Damore’s memo, titled “Google’s Ideological Echo Chamber,” contended that Google’s diversity efforts were misplaced because they ignored women’s biologically driven disinterest in technology. It includes many claims, which have previously been dissected in detail online. But Sophir focuses specifically on Damore’s “statements about immutable traits linked to sex — such as women’s heightened neuroticism and men’s prevalence at the top of the IQ distribution.” These statements were “discriminatory and constituted sexual harassment, notwithstanding [Damore’s] effort to cloak [his] comments with ‘scientific’ references and analysis,” she writes. Moreover, she says Google “carefully tailored” its reasons for firing Damore, limiting them to unprotected portions of the memo.
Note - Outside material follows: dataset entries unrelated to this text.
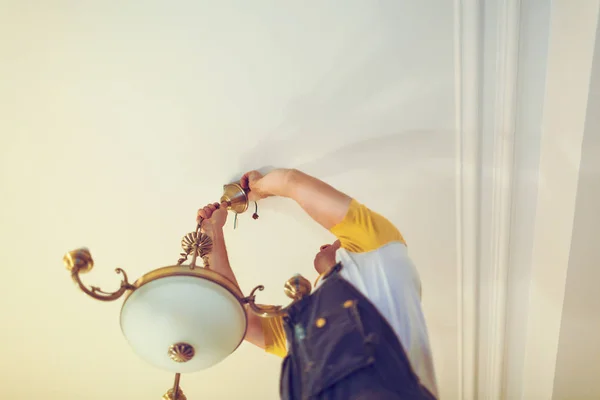 Worker in workwear is installing a chandelier and connects it  to electricity on the ceiling from ladder in apartment is under construction, remodeling, renovation, overhaul, extension, restoration an — Stock Photo, Image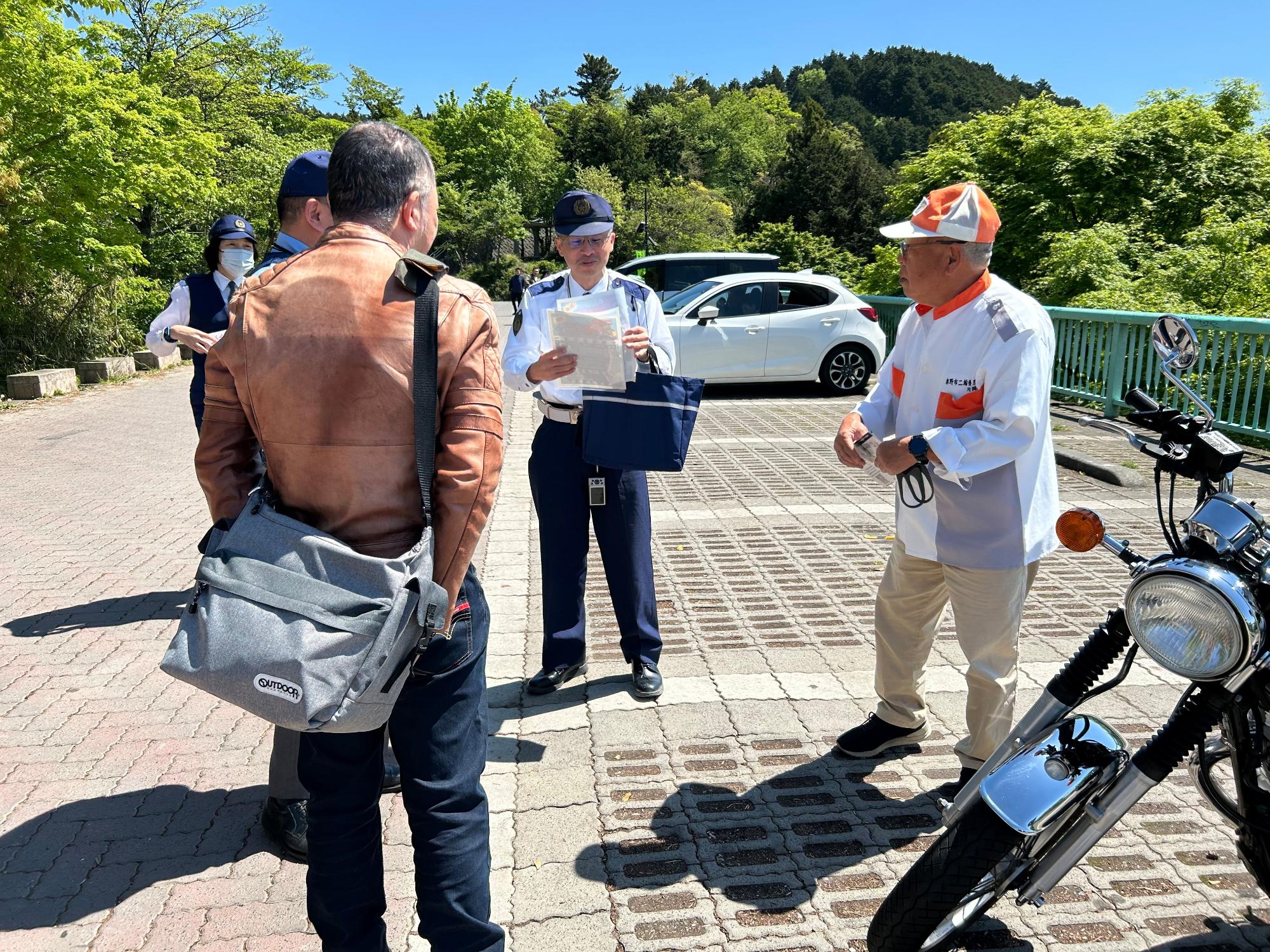 警察官と交通安全運動の帽子をかぶった男性を中心に、数人が集まり、書類のようなものを確認しながら立ち話をしている様子の写真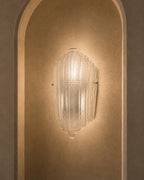 A clear ribbed glass wall sconce mounted on a warm beige plaster wall within an arched niche.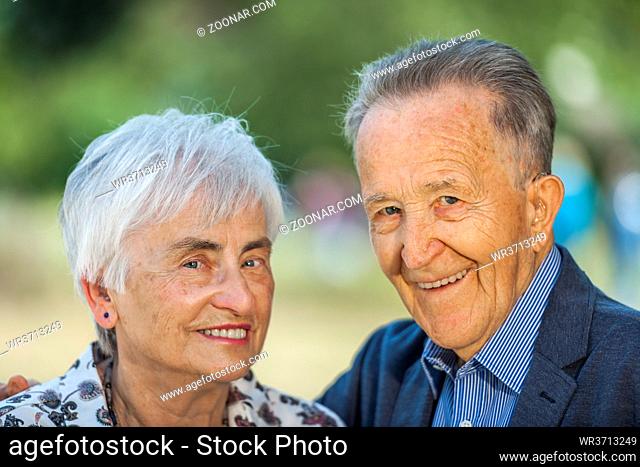 Head-and-shoulder portrait of an 80 year old retired couple in front of a blurred green background looking friendly into the camera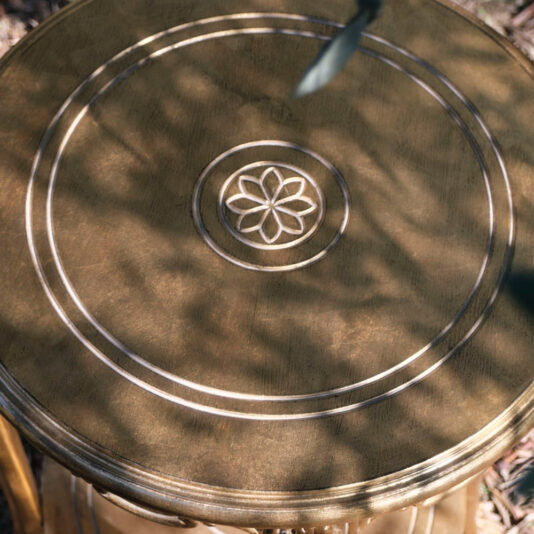 Rococo Style Round Gold Bedside Table A Rococo Style Round Gold Bedside Table with intricate carvings, featuring concentric circles and a central floral-like pattern. The tabletop catches dappled sunlight, creating a blend of light and shadow.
Some legal experts suggested that Damore might have a solid legal complaint, if he could argue that he was discussing working conditions. But that apparently wasn’t a strong enough case for the NLRB — and Damore will be making an arguably tougher one in claiming that Google is systematically biased against white men.
Al Latham, a partner at Paul Hastings LLP — which represented Google in the case — said that “we are gratified that the NLRB General Counsel found that Google acted lawfully in not allowing this employee to create a hostile work environment.”
Update February 19th, 9AM PT: Added statement from Paul Hastings.